- _Task to carry out_: With the pictures excluded, output only the lines from the one containing "If you have" through the last line of the entries, unchanged.

- _Listed records_:
▼▼▼

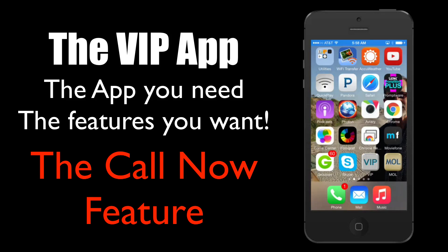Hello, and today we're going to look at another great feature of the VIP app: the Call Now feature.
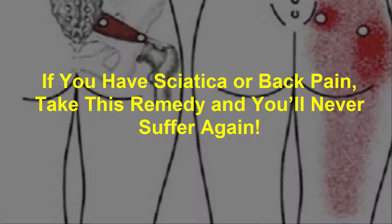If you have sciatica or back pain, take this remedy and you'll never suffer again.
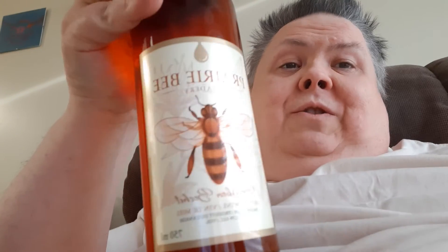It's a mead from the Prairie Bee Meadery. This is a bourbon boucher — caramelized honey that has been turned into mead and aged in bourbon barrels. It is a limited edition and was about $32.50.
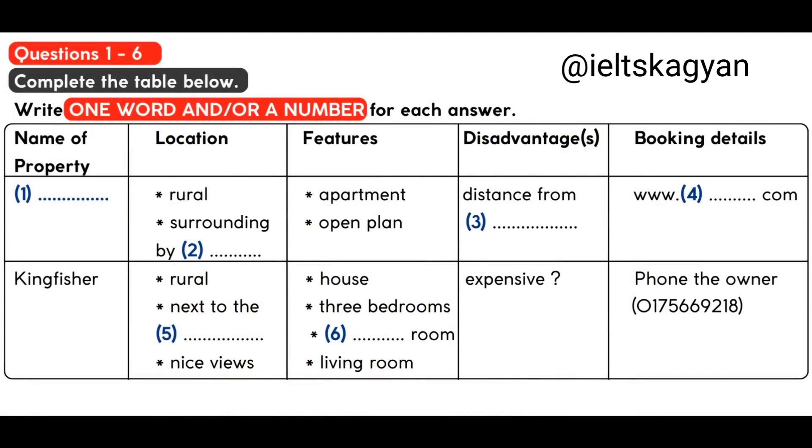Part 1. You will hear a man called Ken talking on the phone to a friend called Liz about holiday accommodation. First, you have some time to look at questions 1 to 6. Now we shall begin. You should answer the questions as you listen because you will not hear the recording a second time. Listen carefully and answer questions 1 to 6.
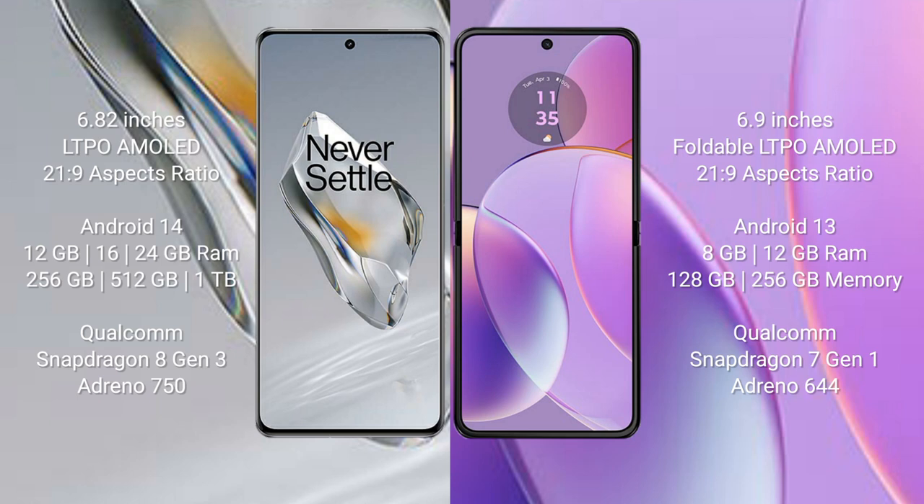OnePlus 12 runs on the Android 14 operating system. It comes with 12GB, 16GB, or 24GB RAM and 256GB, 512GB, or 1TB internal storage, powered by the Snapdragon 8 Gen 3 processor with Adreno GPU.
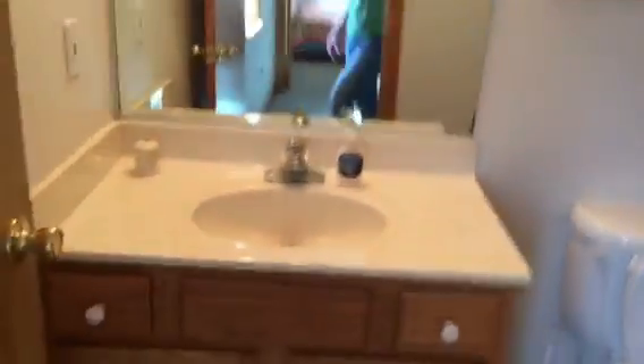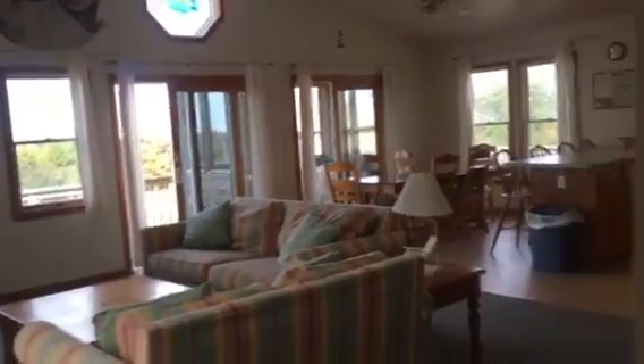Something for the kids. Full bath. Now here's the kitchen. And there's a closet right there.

▲▲▲

- _Task answer_:
If you have sciatica or back pain, take this remedy and you'll never suffer again.
It's a mead from the Prairie Bee Meadery. This is a bourbon boucher — caramelized honey that has been turned into mead and aged in bourbon barrels. It is a limited edition and was about $32.50.
Part 1. You will hear a man called Ken talking on the phone to a friend called Liz about holiday accommodation. First, you have some time to look at questions 1 to 6. Now we shall begin. You should answer the questions as you listen because you will not hear the recording a second time. Listen carefully and answer questions 1 to 6.
OnePlus 12 runs on the Android 14 operating system. It comes with 12GB, 16GB, or 24GB RAM and 256GB, 512GB, or 1TB internal storage, powered by the Snapdragon 8 Gen 3 processor with Adreno GPU.
Something for the kids. Full bath. Now here's the kitchen. And there's a closet right there.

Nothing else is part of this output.